Anyhow, paddling always gets me fired up about paddling.

Last year I decided to carve myself a decent paddle, which has not gone very well. I haven't actually ruined my paddle yet, but progress is slow; and realistically, it'll be even slower now that I've not got a workshop, have gotten rid of almost all my tools, and don't have a dedicated space to work in.

The joys of urban living.

So until my home-made paddle is finished (i.e. for the foreseeable future), I've decided I'm going to buy a decent paddle. Or even better, I'm going to try and figure out a way to have someone else buy it for me.

Random thought: my birthday is next month.

So I've been more and more playing with the "Indian Stroke" when paddling, and I really like it. But I want to get a narrower blade to work with. The standard el cheapo paddles I've seen in the various outdoor stores have really wide blades. Worse, they don't offer higher-end paddles with narrow blades. If you want a cheap paddle, the blade is wide; if you want a more expensive paddle, you either get a bent shaft or some fancy composite construction, and the blade's still wide: there isn't the option of a narrow blade. It seems blade shape is not a configurable option in the various outdoor stores I've checked.

Now to be fair, this is North Carolina. Here "paddling" almost exclusively means "kayak." This is not exactly canoe country. There is much wider selection of kayak paddles than canoe paddles.

But I've spent some time looking online, and I've found a couple contenders for my new paddle. Here are a few I'd really like to try out, not in any real order:

  • Algonquin Guide by Turtle Paddle Works. It has a narrow blade (5.75") and a "Northwoods" grip. It's also got leather whipping for padding if you lever the paddle against the gunwale of the canoe, which I do frequently.

  • Ottertail, also by Turtle. This has a smaller blade than their "Guide", and a more traditional grip. It also costs quite a bit less.

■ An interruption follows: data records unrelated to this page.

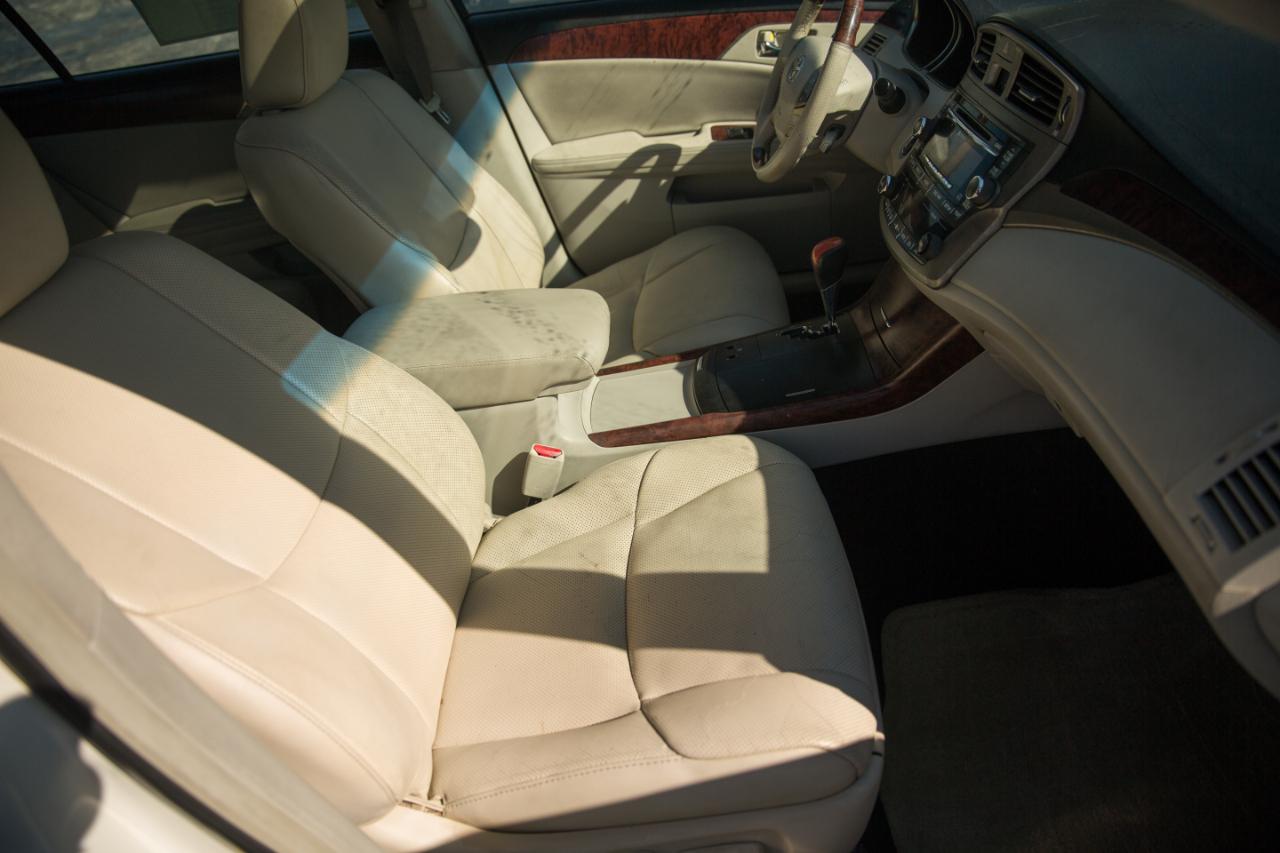 Toyota Avalon Limited 2011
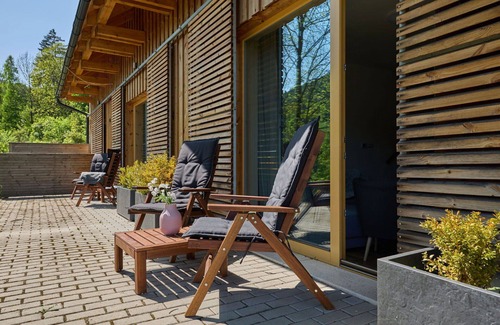 Velka Upa Apartment | Cosy apartment for 4 guests with WIFI, TV, terrace, pets allowed, panoramic view and parking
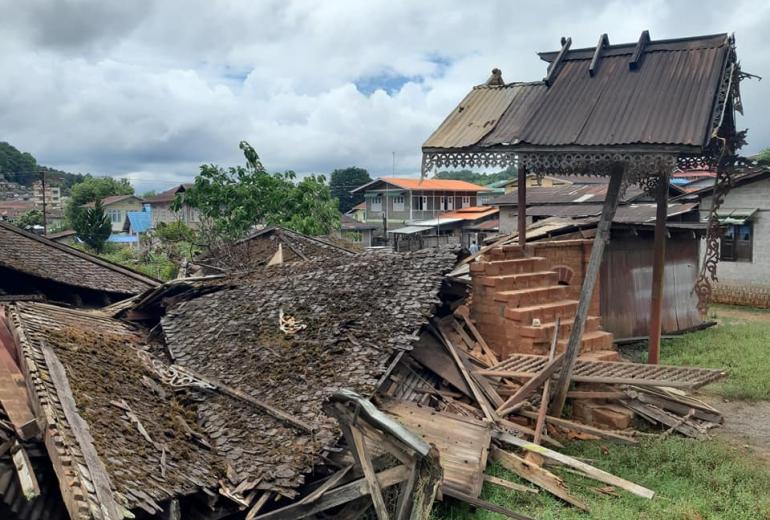 Bad weather tore through Pinlaung Palace in southern Shan state. (Moe Win / Facebook)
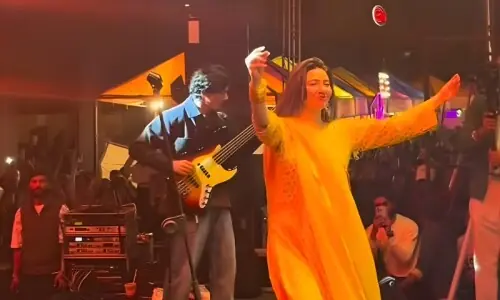 عاصم اظہر کے کنسرٹ میں ماہرہ خان کے ڈانس پر مداحوں کی شدید تنقید عاصم اظہر کے کنسرٹ میں ماہرہ خان کے ڈانس پر مداحوں کی شدید تنقید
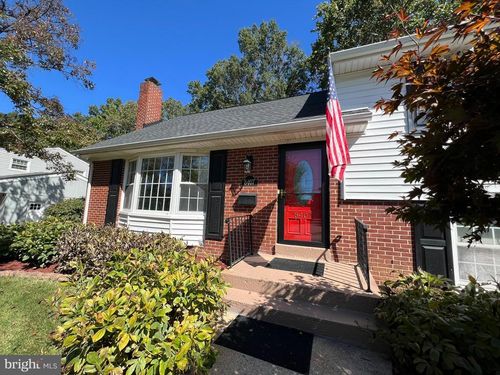 8407 W Boulevard Drive, ALEXANDRIA, VA, 22308 | Card Image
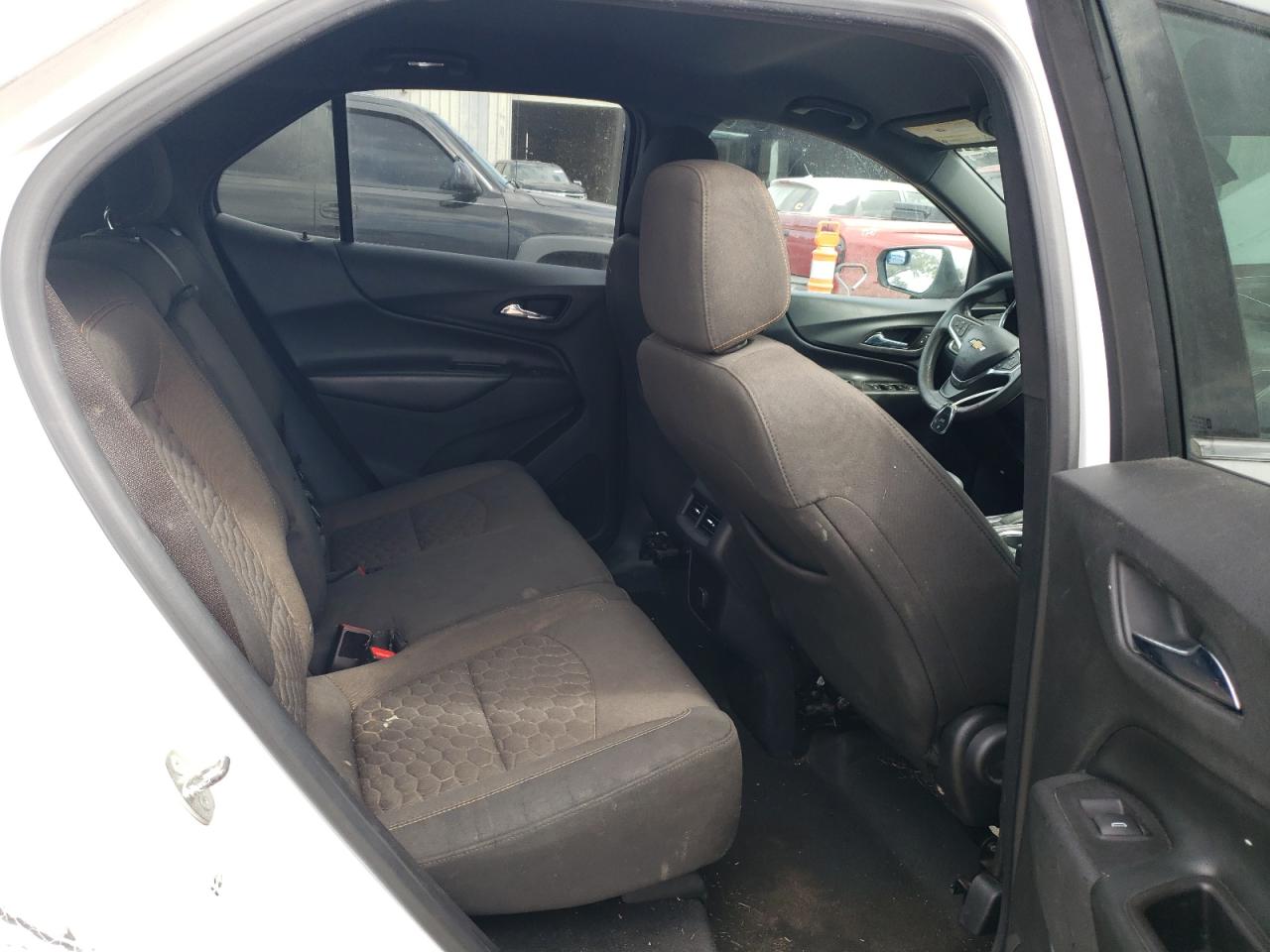 2018 Chevrolet Equinox Lt VIN: 2GNAXJEV2J6216071 Lot: 81960095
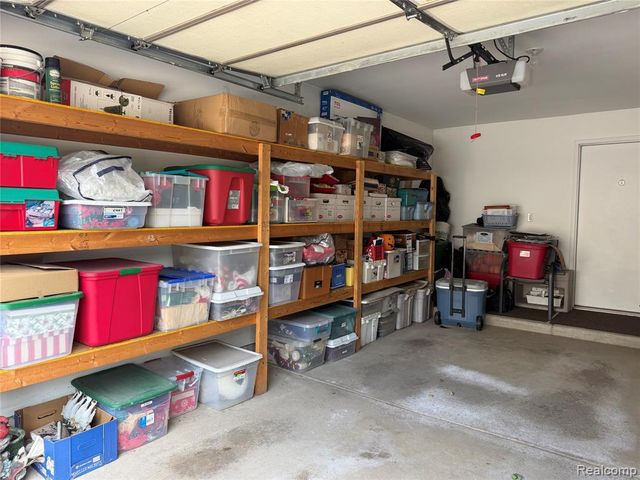 276 Marigold Circle 18, Westland, MI 48185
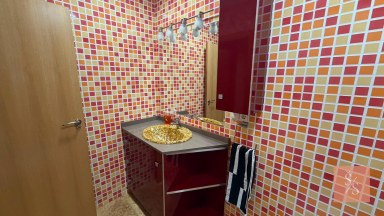 Kompletně zrekonstruovaný apartmán s bočním výhledem na moře v Torrevieja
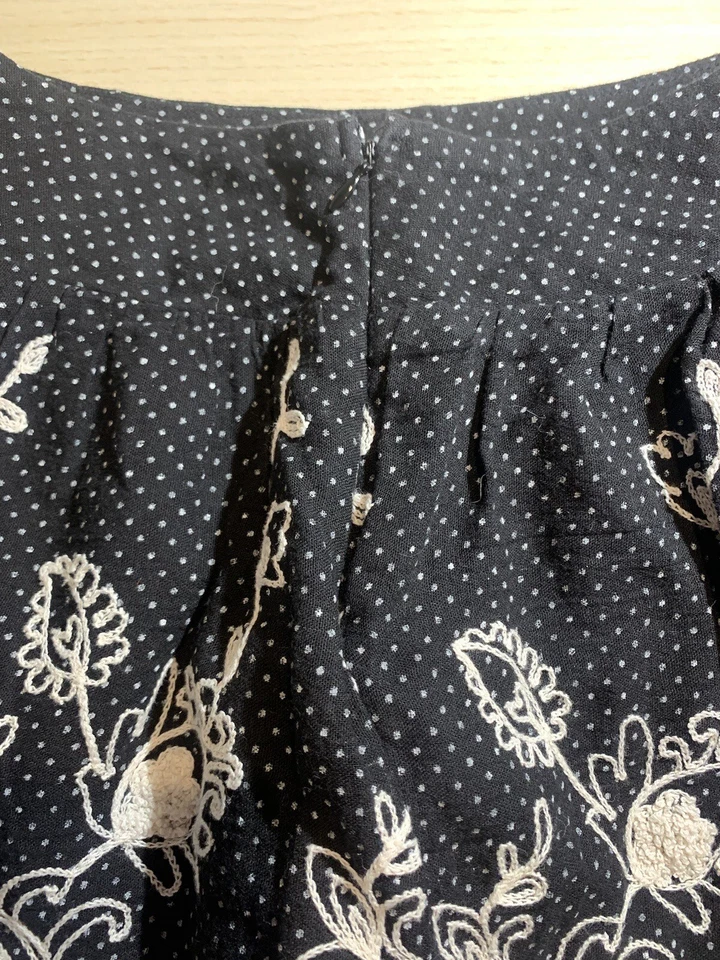 XXI Women's Black & White Polka Dot Floral Embroidered ZipUp Mini Skirt Sz S - Image 4 of 4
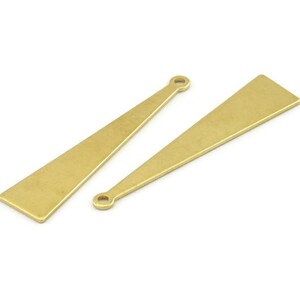 Peut inclure: Deux pendentifs de boucles d'oreilles en métal de couleur or, de forme triangulaire, avec une petite boucle en haut.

  • Porter's Woodworking has a nice looking Ottertail, but I can't get a good look at it on the site, so I'm not sure it makes it to the finals, although it could be something really special. Still, the blade's a little wider than the 5" I'm looking for. Maybe I'll class this one a semi-finalist.

  • Racine by Shaw and Tenny. This paddle looks really very cool. It's a little cheaper than the Guide by Turtle, and it's got the shape I want: 5" blade and all.

I've seen a few other offerings, but these appear to be the closest to what I want. And best of all, they're all made by small shops. And here's where it gets cool: those paddles all cost less than $150. That doesn't sound impressive, except I was looking at paddles this weekend in the outdoor stores, and they go up to $290. $150 for a traditional canoe paddle is much less than I expected.

I'm leaning toward the Guide by Turtle as my #1 choice, and the Racine by Shaw and Tenny as my #2. Sadly, Turtle won't ship to the USA, so I may have to find a retailer (like Rutabaga) if I go with the Guide. Both of those shops are the sort of thing I like to support: small artisan businesses.

Wednesday, March 26, 2008

Ox in demand?

So I recently updated my online resume in anticipation of relocating north and west. You'd think I was giving away free beer: my cell phone's been ringing madly, and I'm getting piles of email from headhunters and internal recruiters.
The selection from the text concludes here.